Information supplied -
━━━━

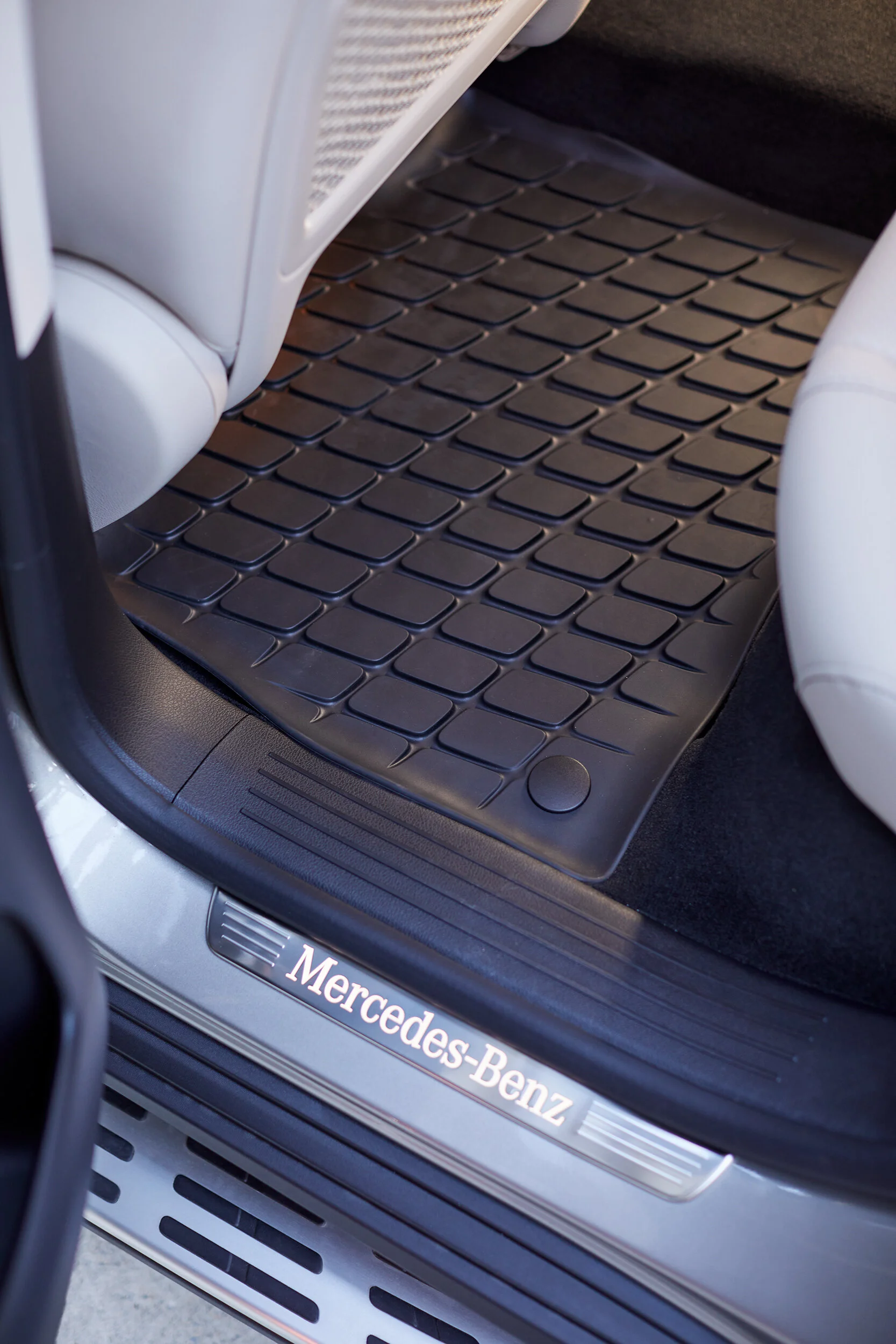 MB_D5_FloorMats_11661.jpg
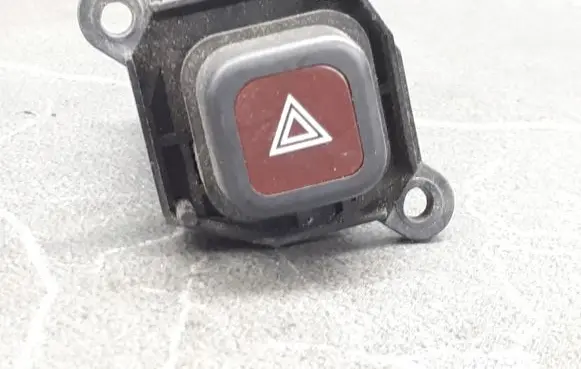Subaru Legacy Hazard light switch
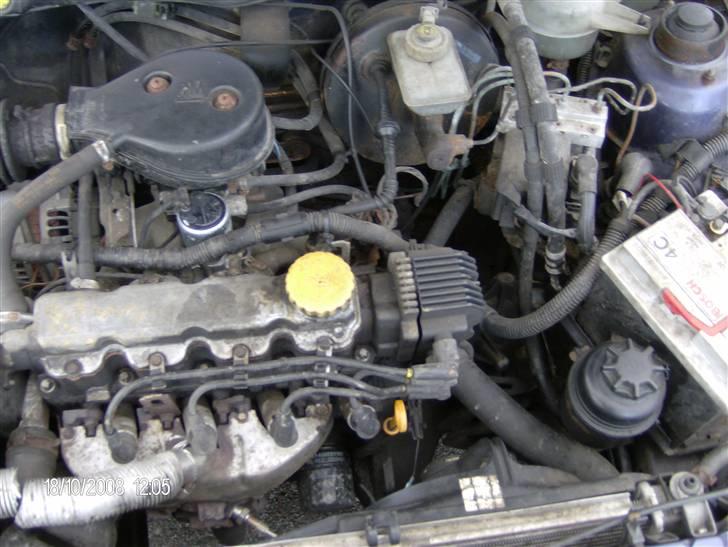 Opel Astra F. (solgt) - Motoren billede 16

━━━━

What is expected - Everything in the listing above is to be given again exactly, apart from the pictures.

Written answer -
 MB_D5_FloorMats_11661.jpg
Subaru Legacy Hazard light switch
 Opel Astra F. (solgt) - Motoren billede 16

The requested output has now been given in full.